Decision Trees
Decision trees partition data by recursive feature-based splitting. Ensemble methods (Random Forest, Gradient Boosting) combine multiple trees for improved performance.
Tree Structure
Loading diagram...
Splitting Criteria
Classification
Gini Impurity:
Gini = 1 - Sum(p_i^2) for all classes
Entropy / Information Gain:
Entropy = -Sum(p_i * log2(p_i)) for all classes
Regression
Variance Reduction:
Variance = (1/n) * Sum((y_i - y_mean)^2)
Overfitting Prevention
| Technique | Description |
|---|---|
| Max depth | Limit tree depth |
| Min samples split | Minimum samples required to split |
| Min samples leaf | Minimum samples required in leaf |
| Pruning | Remove branches post-training |
Ensemble Methods
Random Forest
Bagging with feature randomization:
| Component | Description |
|---|---|
| Bootstrap sampling | Train each tree on random subset with replacement |
| Feature randomization | Each split considers random subset of features |
| Aggregation | Average predictions (regression) or majority vote (classification) |
Effect: Reduces variance by averaging trees that overfit differently.

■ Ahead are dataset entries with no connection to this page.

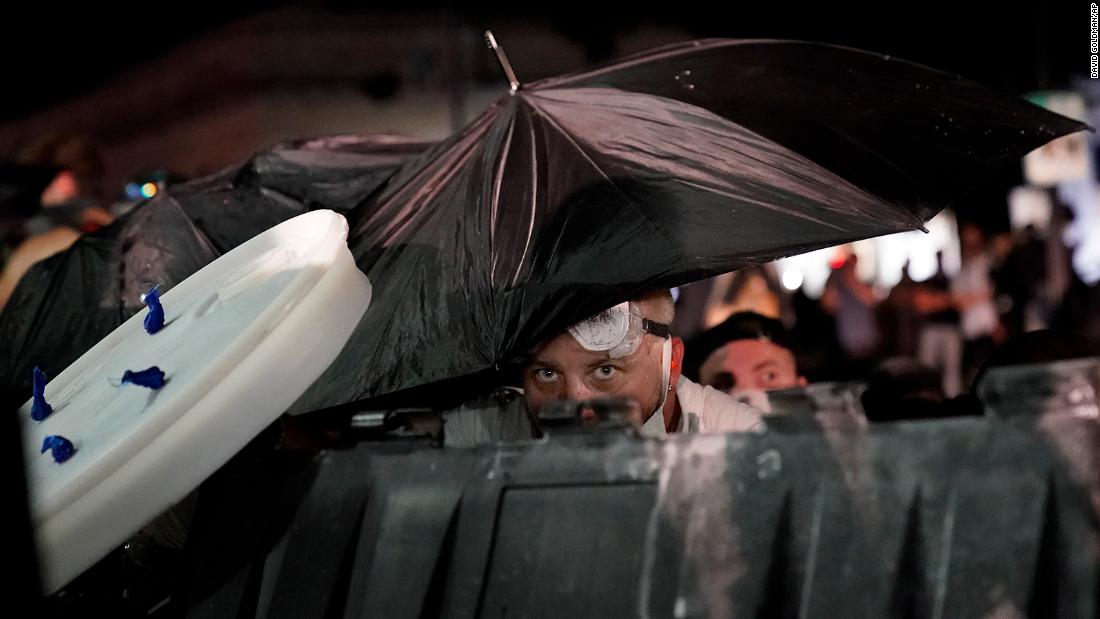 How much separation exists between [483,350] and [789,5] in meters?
23.7

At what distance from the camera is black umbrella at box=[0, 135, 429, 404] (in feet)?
18.9

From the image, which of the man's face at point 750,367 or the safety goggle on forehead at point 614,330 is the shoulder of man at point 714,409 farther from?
the man's face at point 750,367

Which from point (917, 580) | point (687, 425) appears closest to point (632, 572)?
point (917, 580)

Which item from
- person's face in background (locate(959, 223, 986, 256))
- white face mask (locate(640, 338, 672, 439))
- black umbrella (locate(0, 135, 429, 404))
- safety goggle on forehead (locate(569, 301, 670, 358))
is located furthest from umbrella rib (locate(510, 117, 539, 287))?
person's face in background (locate(959, 223, 986, 256))

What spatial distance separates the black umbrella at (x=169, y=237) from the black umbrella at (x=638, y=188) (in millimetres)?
1115

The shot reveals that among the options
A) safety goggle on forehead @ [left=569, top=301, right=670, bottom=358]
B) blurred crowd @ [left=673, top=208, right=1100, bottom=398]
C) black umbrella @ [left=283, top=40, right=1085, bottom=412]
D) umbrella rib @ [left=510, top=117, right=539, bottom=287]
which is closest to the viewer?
black umbrella @ [left=283, top=40, right=1085, bottom=412]

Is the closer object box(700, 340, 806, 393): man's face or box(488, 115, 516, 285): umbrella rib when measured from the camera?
box(488, 115, 516, 285): umbrella rib

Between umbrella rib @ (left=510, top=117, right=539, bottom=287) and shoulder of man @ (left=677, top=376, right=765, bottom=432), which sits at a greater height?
umbrella rib @ (left=510, top=117, right=539, bottom=287)

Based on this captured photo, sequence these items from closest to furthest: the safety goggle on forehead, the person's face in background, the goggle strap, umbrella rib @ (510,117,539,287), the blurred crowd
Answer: umbrella rib @ (510,117,539,287)
the safety goggle on forehead
the goggle strap
the blurred crowd
the person's face in background

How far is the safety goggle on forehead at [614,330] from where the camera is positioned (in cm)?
439

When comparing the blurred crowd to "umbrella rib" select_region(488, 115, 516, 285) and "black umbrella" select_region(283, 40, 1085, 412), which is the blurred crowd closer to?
"black umbrella" select_region(283, 40, 1085, 412)

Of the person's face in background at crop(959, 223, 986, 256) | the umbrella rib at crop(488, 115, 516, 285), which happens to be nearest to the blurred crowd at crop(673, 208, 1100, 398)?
the person's face in background at crop(959, 223, 986, 256)

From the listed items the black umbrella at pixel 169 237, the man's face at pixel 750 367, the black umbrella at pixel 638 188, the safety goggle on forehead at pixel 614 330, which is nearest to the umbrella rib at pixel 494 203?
the black umbrella at pixel 638 188

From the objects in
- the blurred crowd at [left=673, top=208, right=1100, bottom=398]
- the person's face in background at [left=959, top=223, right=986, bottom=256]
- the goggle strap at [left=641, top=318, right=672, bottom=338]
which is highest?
the person's face in background at [left=959, top=223, right=986, bottom=256] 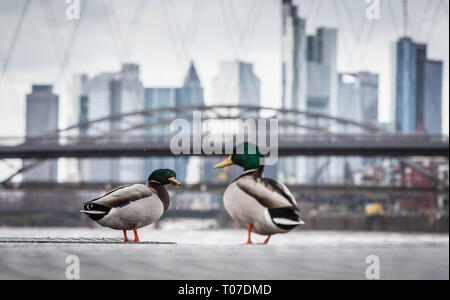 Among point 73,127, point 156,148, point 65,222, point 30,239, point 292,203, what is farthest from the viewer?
point 65,222

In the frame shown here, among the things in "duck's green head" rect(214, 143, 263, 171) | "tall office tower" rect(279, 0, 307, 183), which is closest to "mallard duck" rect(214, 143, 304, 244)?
"duck's green head" rect(214, 143, 263, 171)

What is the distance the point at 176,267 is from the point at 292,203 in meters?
3.07

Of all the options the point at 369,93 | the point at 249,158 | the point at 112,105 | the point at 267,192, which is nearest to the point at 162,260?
the point at 249,158

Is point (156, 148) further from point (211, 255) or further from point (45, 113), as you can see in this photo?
point (211, 255)

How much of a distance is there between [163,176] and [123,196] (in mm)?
428

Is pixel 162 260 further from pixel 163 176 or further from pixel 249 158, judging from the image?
pixel 249 158

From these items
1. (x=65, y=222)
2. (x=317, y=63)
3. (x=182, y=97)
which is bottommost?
(x=65, y=222)

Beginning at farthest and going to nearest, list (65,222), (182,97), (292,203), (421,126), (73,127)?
1. (421,126)
2. (182,97)
3. (65,222)
4. (73,127)
5. (292,203)

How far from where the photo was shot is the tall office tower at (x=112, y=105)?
7006 centimetres

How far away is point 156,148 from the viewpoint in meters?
43.5

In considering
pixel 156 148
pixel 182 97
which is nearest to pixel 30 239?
pixel 156 148

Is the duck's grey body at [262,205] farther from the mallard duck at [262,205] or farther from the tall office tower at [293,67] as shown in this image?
the tall office tower at [293,67]

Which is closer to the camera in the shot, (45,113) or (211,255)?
(211,255)

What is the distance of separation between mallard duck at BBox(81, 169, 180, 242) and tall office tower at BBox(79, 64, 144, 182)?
5516 centimetres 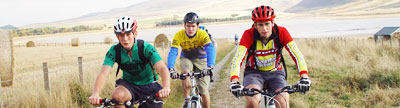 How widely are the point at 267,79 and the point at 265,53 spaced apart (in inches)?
13.8

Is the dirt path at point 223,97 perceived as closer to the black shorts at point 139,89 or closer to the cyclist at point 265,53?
the cyclist at point 265,53

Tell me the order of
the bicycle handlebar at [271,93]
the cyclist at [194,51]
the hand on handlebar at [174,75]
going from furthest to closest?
the cyclist at [194,51], the hand on handlebar at [174,75], the bicycle handlebar at [271,93]

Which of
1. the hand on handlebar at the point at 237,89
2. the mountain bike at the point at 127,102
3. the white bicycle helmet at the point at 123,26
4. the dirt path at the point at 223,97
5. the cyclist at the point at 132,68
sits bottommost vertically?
the dirt path at the point at 223,97

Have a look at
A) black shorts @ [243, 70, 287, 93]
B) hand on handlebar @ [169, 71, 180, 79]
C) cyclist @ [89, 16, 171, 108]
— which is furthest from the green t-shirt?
black shorts @ [243, 70, 287, 93]

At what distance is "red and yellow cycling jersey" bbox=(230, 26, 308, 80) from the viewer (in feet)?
15.0

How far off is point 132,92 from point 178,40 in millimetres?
2622

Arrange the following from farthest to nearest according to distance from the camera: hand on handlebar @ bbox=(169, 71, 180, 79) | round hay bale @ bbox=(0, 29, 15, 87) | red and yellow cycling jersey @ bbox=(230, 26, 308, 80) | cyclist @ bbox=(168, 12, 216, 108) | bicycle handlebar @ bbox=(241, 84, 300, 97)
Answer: round hay bale @ bbox=(0, 29, 15, 87) < cyclist @ bbox=(168, 12, 216, 108) < hand on handlebar @ bbox=(169, 71, 180, 79) < red and yellow cycling jersey @ bbox=(230, 26, 308, 80) < bicycle handlebar @ bbox=(241, 84, 300, 97)

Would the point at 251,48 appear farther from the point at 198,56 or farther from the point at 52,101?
the point at 52,101

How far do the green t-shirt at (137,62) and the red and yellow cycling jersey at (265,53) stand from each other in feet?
3.37

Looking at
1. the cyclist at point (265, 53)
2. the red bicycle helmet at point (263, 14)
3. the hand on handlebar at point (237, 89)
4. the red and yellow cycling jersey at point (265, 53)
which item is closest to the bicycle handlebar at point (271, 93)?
the hand on handlebar at point (237, 89)

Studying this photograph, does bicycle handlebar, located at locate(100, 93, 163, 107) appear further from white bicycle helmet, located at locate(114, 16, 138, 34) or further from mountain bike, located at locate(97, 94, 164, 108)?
white bicycle helmet, located at locate(114, 16, 138, 34)

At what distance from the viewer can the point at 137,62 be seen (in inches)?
170

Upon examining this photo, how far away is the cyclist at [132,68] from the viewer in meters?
3.99

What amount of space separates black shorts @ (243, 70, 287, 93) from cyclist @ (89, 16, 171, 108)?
1.18m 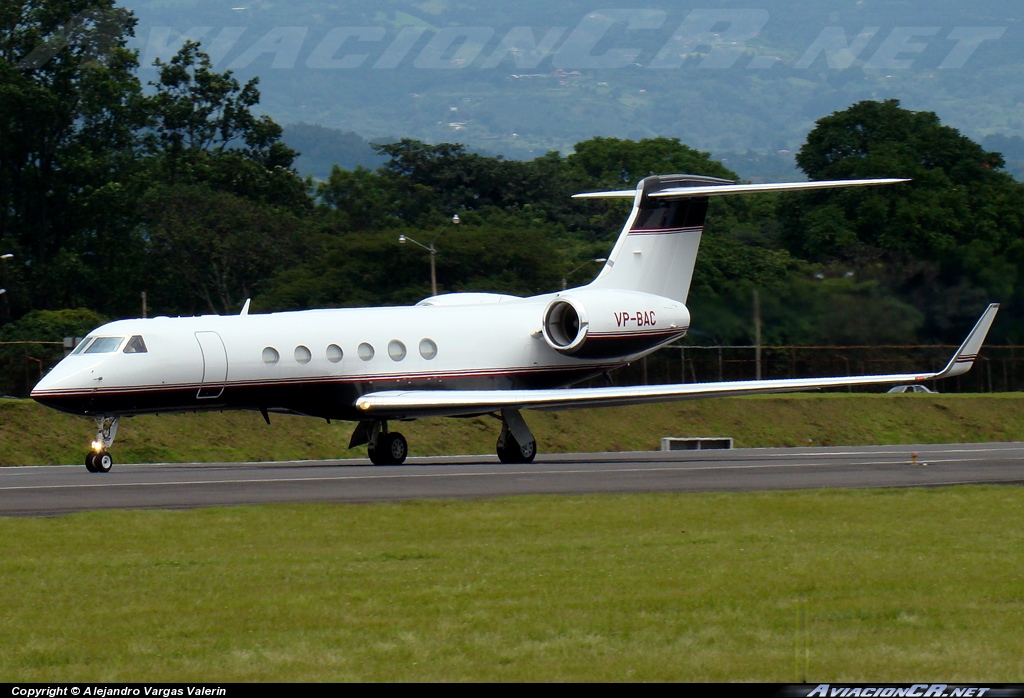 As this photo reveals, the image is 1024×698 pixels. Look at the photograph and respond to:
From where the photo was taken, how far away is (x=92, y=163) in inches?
2692

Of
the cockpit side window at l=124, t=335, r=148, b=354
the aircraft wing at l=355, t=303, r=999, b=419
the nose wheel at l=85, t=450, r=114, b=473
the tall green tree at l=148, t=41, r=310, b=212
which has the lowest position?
the nose wheel at l=85, t=450, r=114, b=473

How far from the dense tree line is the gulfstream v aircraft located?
375 inches

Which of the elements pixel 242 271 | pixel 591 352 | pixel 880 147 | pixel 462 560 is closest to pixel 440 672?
pixel 462 560

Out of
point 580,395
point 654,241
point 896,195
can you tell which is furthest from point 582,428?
point 896,195

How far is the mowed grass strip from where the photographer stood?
7.80 m

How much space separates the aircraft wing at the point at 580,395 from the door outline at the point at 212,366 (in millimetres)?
2691

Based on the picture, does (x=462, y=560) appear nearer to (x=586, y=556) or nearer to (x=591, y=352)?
(x=586, y=556)

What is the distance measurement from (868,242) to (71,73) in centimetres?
4153

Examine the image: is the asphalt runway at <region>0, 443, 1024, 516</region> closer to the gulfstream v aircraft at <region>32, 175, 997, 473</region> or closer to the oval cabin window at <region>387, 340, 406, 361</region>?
the gulfstream v aircraft at <region>32, 175, 997, 473</region>

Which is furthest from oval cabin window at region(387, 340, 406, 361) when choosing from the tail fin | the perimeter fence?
the perimeter fence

Gradient Boosting (XGBoost, LightGBM)
Sequential training to correct errors:
| Step | Description |
|---|---|
| 1 | Fit initial model |
| 2 | Compute residuals |
| 3 | Fit new tree to residuals |
| 4 | Add to ensemble with learning rate |
| 5 | Repeat |
Effect: Reduces bias through iterative error correction.
Feature Importance
| Method | Description |
|---|---|
| Gini importance | Reduction in impurity across all splits using that feature |
| Permutation importance | Performance drop when feature values are shuffled |
Permutation importance is more reliable but computationally slower.
Reference
| Topic | Description |
|---|---|
| Splitting decision | Evaluates all features and split points, selects maximum information gain (or minimum impurity). Greedy algorithm, not globally optimal. |
| Bagging vs boosting | Bagging: parallel training on bootstrap samples, average predictions, reduces variance. Boosting: sequential training to correct errors, reduces bias. |
| Random Forest overfitting reduction | Each tree overfits to different data and feature subsets. Averaging cancels noise. Trade-off: reduced interpretability. |
| XGBoost vs Random Forest | XGBoost typically achieves higher accuracy with proper tuning. Random Forest is simpler to configure. Start with Random Forest, use XGBoost for additional performance. |
| Feature importance interpretation | Gini importance: impurity reduction across splits. Permutation importance: accuracy drop when feature is shuffled. Permutation is more reliable. |